There are times in any unit of boy scouting where a boy will take advantage of another boy. In Venturing Units, the situation may be different since they are co-ed, but girls are just as prone to this type of behavior as a boy. The question is what is the goal of the scouting program. It is to be found in the Scout Oath and Law. These two instruments tell of the programs concern to build character in the youth we serve. The Scouting movement aspires to grant any youth that enters the program to have held before them the opportunity to grow into adulthood as a trustworthy, loyal, helpful, friendly, courteous, kind, obedient, cheerful, thrifty, brave, clean and reverent human being. Yes, the Scout Law describes what the Scouting movement desires every youth in the program to become.

There are many suggestions on how a unit leader can bring this growth in character to the scouting program. In all the methods I have seen, work relays on the desire of the youth members to become what the leaders are living before them. Who you are as a leader demonstrates to the youth of your unit what you desire them to be. This does not mean you are perfect. It means you are honest and just in your dealings with the youth of your unit. Of course that means your son does not get special treatment, for this is the first act that makes your leadership questioned by your youth members. Young men and women are quick to see your flaws. They are more than willing to forgive most of them if you are honest and just in your dealings with all the youth of your unit.

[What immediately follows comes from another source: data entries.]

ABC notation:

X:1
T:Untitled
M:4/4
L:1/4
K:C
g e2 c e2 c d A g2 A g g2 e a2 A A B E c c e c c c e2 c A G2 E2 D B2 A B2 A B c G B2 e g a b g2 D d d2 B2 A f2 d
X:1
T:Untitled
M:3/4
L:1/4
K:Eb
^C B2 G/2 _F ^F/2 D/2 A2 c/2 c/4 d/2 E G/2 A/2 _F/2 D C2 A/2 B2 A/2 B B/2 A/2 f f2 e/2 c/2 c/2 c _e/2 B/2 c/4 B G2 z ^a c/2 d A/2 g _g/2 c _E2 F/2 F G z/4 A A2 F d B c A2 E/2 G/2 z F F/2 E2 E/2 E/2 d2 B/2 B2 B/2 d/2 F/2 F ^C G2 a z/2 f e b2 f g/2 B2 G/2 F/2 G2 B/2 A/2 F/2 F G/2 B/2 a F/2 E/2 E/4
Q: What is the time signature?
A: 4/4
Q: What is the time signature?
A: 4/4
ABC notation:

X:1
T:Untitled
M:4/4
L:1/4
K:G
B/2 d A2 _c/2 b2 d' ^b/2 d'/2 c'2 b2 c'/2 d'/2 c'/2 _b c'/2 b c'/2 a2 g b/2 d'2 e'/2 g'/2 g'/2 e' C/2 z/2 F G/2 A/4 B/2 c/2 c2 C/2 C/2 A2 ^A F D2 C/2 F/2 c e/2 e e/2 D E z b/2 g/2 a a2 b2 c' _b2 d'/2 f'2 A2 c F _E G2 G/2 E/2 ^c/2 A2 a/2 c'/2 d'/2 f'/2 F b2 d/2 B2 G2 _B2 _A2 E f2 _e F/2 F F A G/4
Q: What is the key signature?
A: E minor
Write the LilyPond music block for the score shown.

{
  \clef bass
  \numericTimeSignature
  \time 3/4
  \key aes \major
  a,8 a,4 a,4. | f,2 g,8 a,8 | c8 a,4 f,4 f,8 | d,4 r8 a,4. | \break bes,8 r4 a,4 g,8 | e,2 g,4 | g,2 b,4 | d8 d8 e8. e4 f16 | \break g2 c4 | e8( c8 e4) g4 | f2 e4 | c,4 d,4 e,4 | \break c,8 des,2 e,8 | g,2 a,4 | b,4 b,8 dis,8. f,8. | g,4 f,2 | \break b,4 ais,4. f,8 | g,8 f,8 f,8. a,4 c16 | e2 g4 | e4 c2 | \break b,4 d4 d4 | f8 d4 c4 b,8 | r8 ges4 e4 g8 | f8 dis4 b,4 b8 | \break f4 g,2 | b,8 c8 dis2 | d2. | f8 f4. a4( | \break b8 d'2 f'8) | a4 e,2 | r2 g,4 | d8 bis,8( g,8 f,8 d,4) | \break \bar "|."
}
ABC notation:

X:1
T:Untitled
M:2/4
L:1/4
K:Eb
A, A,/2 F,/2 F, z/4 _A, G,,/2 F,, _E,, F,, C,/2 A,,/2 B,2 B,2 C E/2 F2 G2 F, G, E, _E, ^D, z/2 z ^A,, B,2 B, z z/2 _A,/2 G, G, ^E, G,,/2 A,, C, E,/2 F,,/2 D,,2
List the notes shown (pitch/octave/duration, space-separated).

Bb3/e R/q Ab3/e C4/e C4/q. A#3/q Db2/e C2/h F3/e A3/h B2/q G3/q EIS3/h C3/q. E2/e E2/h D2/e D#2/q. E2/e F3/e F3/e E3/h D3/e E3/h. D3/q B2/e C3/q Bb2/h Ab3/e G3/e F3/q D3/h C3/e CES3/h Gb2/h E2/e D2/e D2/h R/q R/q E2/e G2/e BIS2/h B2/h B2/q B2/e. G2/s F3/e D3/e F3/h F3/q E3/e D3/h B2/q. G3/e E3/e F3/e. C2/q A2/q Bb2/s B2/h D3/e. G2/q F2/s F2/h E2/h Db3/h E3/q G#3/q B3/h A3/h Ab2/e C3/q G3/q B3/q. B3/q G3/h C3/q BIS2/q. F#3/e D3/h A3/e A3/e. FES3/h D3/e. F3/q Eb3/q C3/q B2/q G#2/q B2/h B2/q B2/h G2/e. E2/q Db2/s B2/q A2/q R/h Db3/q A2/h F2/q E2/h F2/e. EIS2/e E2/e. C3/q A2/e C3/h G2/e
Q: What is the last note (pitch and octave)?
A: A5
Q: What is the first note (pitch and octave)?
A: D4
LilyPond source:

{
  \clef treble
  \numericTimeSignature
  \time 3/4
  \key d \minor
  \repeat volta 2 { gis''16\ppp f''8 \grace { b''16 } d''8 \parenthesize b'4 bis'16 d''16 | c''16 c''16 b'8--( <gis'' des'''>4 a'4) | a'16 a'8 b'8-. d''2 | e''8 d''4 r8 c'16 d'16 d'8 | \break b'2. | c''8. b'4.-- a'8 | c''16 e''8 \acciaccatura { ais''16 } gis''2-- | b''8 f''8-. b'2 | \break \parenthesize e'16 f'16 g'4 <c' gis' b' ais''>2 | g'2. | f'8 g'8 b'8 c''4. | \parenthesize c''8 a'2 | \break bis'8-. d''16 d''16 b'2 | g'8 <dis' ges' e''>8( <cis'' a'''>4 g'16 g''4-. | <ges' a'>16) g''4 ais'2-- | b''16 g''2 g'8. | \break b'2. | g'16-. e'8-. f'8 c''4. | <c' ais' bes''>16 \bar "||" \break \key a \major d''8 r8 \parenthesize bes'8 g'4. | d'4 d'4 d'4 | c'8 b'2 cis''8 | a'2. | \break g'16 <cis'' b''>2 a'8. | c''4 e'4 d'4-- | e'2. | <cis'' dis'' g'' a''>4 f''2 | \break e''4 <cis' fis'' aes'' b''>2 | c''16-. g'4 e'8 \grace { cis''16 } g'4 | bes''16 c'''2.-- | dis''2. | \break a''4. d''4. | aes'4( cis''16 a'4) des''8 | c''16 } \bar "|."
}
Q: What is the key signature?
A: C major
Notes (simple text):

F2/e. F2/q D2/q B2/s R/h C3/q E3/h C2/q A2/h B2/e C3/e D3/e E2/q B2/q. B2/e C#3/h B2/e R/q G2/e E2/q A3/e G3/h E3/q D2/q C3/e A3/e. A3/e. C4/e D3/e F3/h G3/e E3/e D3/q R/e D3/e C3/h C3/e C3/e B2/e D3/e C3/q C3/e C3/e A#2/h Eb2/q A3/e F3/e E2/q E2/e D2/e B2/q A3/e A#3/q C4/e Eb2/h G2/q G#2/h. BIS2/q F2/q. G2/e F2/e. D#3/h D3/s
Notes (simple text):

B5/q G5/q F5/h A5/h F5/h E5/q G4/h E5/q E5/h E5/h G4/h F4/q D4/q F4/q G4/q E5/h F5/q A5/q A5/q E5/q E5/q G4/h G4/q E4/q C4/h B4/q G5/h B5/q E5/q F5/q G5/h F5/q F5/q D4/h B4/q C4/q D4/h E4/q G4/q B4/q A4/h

But ‘bullying’ does happen even in the best units and under the best leadership. When it takes place is a good time to have ‘a teachable moment’, as some have put it. However, this is the time for gentle firmness. The bully must not be publically humiliated for this tends to reinforce his behavior. This is particularly true if the youth feels he has not been treated fairly. Still the Scout Oath and Law can be at this time an occasion to remind the group of their meaning. The bully and his victim will need to face each other and explain themselves to each other. How does it feel to be bullied? Why does the bully feel the need to bully this youth? How is this bullying behavior affecting the unit’s ability to live the Scout Oath and Law? After they have expressed their positions and feelings, now is for the bully and his victim forgive each other and with the shaking of hands and the looking into each others eyes to create an agreement that this episode is to end with a lasting scouting friendship.